Frequently asked questions
What are the target ranges for blood sugar in type 2 diabetes?
General guidelines suggest 80–130 mg/dL before meals and under 180 mg/dL one to two hours post-meal. Individualized targets may differ based on age, other health conditions, and your care team's judgment. Use the targets your provider has given you, not a generic standard.
My post-dinner reading is always high — what does that mean?
Consistently high post-dinner readings often point to the size or carbohydrate content of dinner being too large for your current management regimen. It could also reflect less physical activity in the evening compared to earlier in the day. Log your dinner carbs and note the reading — the pattern over a week will be informative for your dietitian or endocrinologist.

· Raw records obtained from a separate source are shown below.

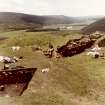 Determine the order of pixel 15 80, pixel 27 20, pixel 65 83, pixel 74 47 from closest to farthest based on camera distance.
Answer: pixel 65 83 → pixel 15 80 → pixel 74 47 → pixel 27 20

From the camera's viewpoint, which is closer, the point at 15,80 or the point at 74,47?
the point at 15,80


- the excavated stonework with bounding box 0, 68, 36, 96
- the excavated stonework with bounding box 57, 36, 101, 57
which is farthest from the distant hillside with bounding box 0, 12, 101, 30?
the excavated stonework with bounding box 0, 68, 36, 96

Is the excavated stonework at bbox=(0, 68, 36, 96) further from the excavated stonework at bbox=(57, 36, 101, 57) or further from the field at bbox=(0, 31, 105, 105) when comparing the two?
the excavated stonework at bbox=(57, 36, 101, 57)

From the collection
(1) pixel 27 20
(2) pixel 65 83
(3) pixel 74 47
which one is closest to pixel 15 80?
(2) pixel 65 83

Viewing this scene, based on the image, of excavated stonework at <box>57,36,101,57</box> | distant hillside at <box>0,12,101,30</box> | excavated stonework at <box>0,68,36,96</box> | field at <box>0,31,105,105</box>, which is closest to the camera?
field at <box>0,31,105,105</box>

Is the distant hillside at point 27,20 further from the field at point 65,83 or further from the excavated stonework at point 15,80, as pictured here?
the excavated stonework at point 15,80

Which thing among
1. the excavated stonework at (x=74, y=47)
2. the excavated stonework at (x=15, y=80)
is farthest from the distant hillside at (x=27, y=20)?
the excavated stonework at (x=15, y=80)

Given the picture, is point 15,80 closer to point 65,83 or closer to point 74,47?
point 65,83

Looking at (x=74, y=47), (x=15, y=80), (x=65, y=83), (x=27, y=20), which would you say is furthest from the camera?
(x=27, y=20)

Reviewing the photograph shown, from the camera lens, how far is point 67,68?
28.6 m

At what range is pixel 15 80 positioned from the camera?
1019 inches

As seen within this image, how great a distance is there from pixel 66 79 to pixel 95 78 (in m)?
2.81

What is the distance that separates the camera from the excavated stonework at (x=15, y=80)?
979 inches

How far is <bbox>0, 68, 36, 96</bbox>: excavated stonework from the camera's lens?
2488 centimetres
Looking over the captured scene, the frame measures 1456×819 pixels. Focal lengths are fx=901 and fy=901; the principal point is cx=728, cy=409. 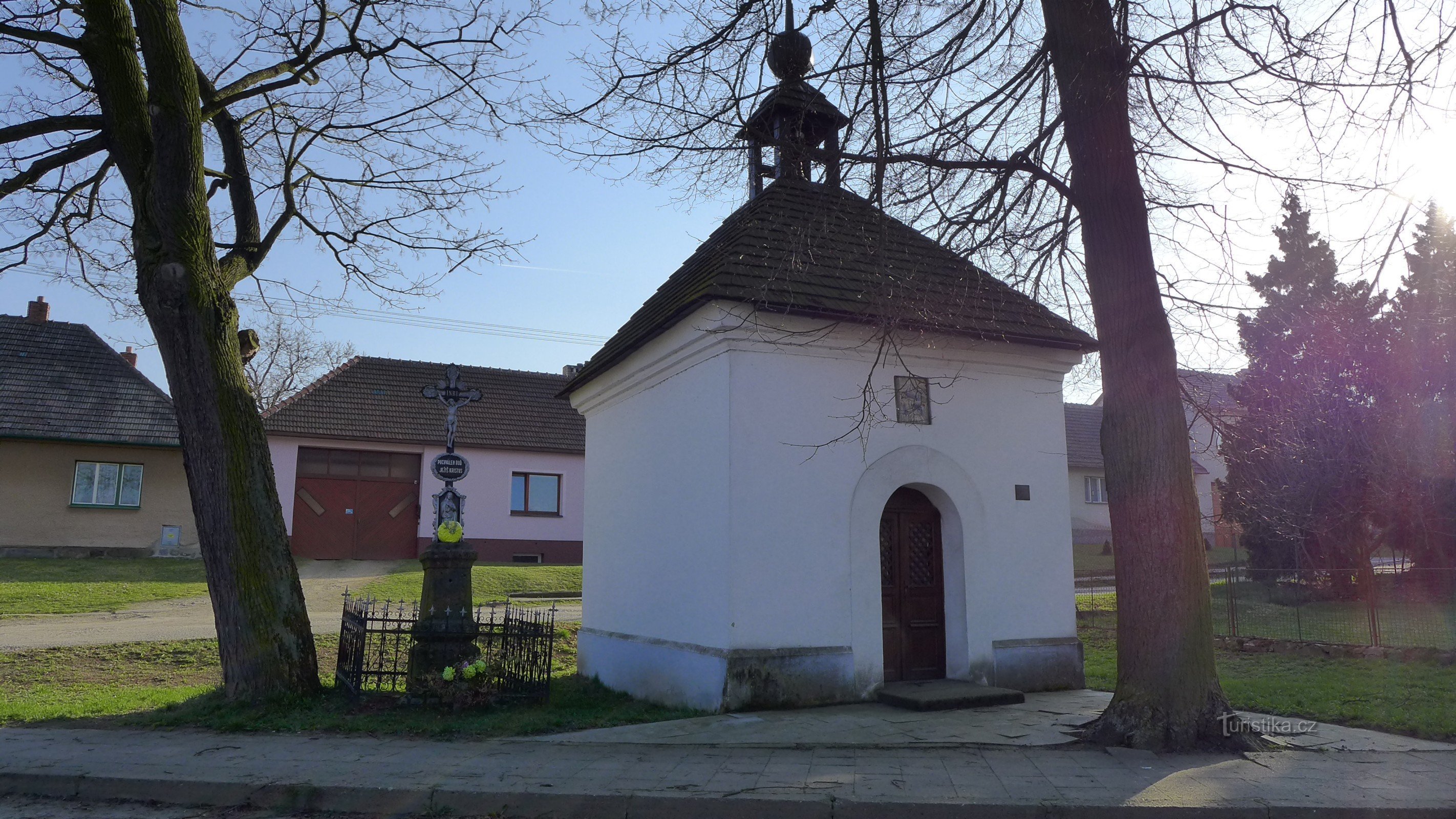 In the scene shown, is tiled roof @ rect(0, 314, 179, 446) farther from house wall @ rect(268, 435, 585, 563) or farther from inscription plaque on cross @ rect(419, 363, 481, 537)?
inscription plaque on cross @ rect(419, 363, 481, 537)

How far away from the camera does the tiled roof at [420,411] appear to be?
2488 centimetres

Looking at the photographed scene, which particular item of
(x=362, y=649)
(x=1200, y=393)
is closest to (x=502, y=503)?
(x=362, y=649)

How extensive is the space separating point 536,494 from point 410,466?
3728mm

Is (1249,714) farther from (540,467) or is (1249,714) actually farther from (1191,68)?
(540,467)

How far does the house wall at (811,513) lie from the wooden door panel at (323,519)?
16017 mm

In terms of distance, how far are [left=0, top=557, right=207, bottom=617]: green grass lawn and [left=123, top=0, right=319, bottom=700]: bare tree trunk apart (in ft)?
31.4

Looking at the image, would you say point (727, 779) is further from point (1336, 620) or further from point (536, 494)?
point (536, 494)

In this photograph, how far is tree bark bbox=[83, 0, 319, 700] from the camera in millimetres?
8812

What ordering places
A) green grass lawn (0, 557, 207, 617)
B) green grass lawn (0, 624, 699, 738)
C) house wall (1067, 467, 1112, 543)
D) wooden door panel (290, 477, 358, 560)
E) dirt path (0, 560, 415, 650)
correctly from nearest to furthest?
1. green grass lawn (0, 624, 699, 738)
2. dirt path (0, 560, 415, 650)
3. green grass lawn (0, 557, 207, 617)
4. wooden door panel (290, 477, 358, 560)
5. house wall (1067, 467, 1112, 543)

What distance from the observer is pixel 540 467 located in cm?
2733

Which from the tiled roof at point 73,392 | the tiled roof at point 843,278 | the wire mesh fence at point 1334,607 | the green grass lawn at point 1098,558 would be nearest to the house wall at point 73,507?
the tiled roof at point 73,392

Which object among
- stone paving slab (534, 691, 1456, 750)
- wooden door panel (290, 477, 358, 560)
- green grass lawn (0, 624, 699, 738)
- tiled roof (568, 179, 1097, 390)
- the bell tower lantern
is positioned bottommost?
green grass lawn (0, 624, 699, 738)

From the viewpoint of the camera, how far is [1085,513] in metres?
36.8

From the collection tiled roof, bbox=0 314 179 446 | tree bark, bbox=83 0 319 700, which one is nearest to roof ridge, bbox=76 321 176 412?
tiled roof, bbox=0 314 179 446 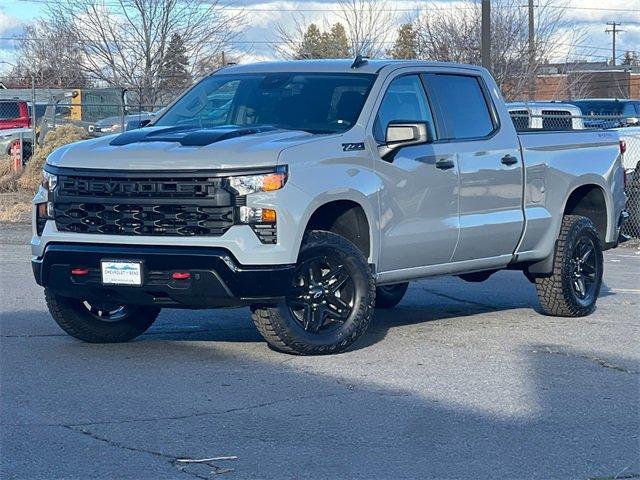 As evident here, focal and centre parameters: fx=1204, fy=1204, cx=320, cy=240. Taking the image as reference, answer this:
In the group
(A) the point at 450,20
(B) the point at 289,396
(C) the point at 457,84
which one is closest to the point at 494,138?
(C) the point at 457,84

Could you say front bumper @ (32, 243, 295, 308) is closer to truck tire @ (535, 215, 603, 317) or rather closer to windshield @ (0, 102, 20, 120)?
truck tire @ (535, 215, 603, 317)

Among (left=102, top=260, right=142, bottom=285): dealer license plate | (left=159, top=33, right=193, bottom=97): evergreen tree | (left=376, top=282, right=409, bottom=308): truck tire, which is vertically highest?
(left=159, top=33, right=193, bottom=97): evergreen tree

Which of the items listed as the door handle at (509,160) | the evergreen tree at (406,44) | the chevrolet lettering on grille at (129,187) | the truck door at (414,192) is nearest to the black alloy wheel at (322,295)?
the truck door at (414,192)

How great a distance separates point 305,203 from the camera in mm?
7625

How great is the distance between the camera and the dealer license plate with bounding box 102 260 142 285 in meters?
7.51

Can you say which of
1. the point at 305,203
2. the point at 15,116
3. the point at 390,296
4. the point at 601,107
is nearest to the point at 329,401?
the point at 305,203

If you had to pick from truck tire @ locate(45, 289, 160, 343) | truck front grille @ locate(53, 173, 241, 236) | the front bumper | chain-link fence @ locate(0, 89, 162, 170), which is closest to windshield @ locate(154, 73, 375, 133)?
truck front grille @ locate(53, 173, 241, 236)

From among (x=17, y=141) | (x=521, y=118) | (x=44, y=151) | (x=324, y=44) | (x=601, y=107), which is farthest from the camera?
(x=324, y=44)

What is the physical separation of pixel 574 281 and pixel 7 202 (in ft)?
42.7

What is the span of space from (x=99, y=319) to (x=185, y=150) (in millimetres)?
1655

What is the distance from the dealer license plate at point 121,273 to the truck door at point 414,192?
176cm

How is this different from a CGM app?
A continuous glucose monitor provides real-time glucose data; this tracker captures structured daily inputs around specific readings, lifestyle factors, and management context. They serve complementary purposes — this tracker adds the dietary, insulin, exercise, and hypo data that a CGM alone does not contextualize.
Should I log on days when my diet was unusual, like during travel?
Yes — unusual days are especially worth logging because they reveal how your glucose responds to changes in diet, routine, and activity. Mark them with a note and treat the data as informative rather than anomalous.